Part 1 of this article addressed how to think about retirement post college and during your child-rearing years.
During Your Peak Earning Years at Work
As you mature in your career, you will encounter a variety of opportunities. After having spent 20+ years in the workforce you are likely commanding a good salary – perhaps the highest you’ve ever earned. These are your “peak earning years,” and though there are many benefits there are also new financial challenges. Older children might mean college tuition; aging parents might require more frequent visits. Even your own aging body may require a little more health care attention.
If you haven’t already, now is the time to meet with a financial advisor to help you determine what sort of future income you’ll need to meet your retirement goals. It may also be time to take advantage of any IRS catch-up contributions – if you’re over 50, you are allowed to contribute up to $24,000 to your employer-sponsored plan (as opposed to $18K for those under 50).
Getting Ready to Retire
When you start to close in on your retirement date, it will become necessary to think about and plan for how you will draw down your retirement assets. Your certified financial advisor can help you adjust your investment allocations with an eye towards protecting assets, though it’s still important to pursue some growth to keep up with inflation and the rising cost of living. A good financial and retirement planner will help you assess and address:
- The cost of living and tax rates in your desired retirement location
- Future health care needs, plus any supplemental retiree insurance you may need to purchase
- Any income-producing investment vehicle currently in your portfolio
- Any part-time work or other sources of post-retirement income
- Estate planning
Your retirement planning professional will also familiarize you with the required minimum distributions (RMDs) that the IRS imposes when you begin drawing down on your retirement assets.

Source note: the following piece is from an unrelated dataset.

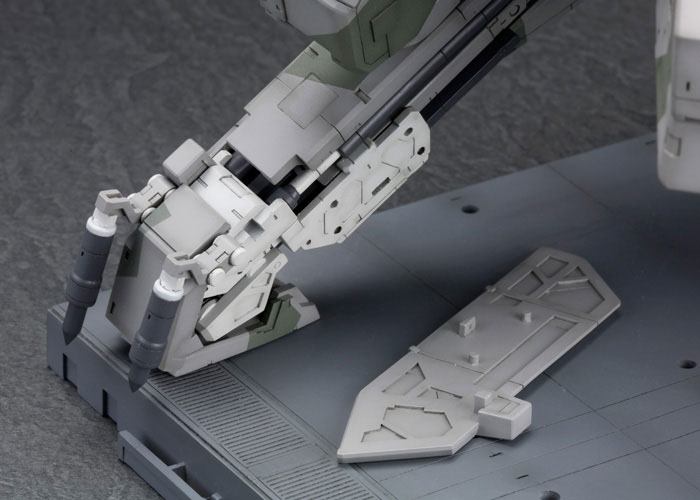 Metal Gear Solid Plastic Model Kit 1/100 Metal Gear Rex Kotobukiya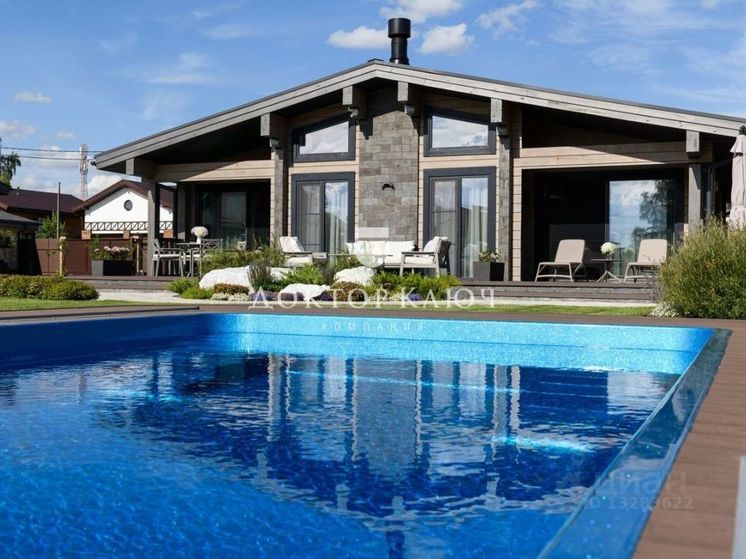 Новосибирцам предлагают купить скандинавский коттедж с бассейном за 60 млн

You will face financial challenges throughout your life and career that have an impact on the quality of your retirement. Make sure you consider retirement whenever you are reviewing your other savings and investment strategies. Once you have a financial planner you trust (one who is working in your best interests and not simply trying to earn a commission) have them review your plan’s portfolio at least once a year and whenever a major event such as marriage, divorce or the birth of a child occurs.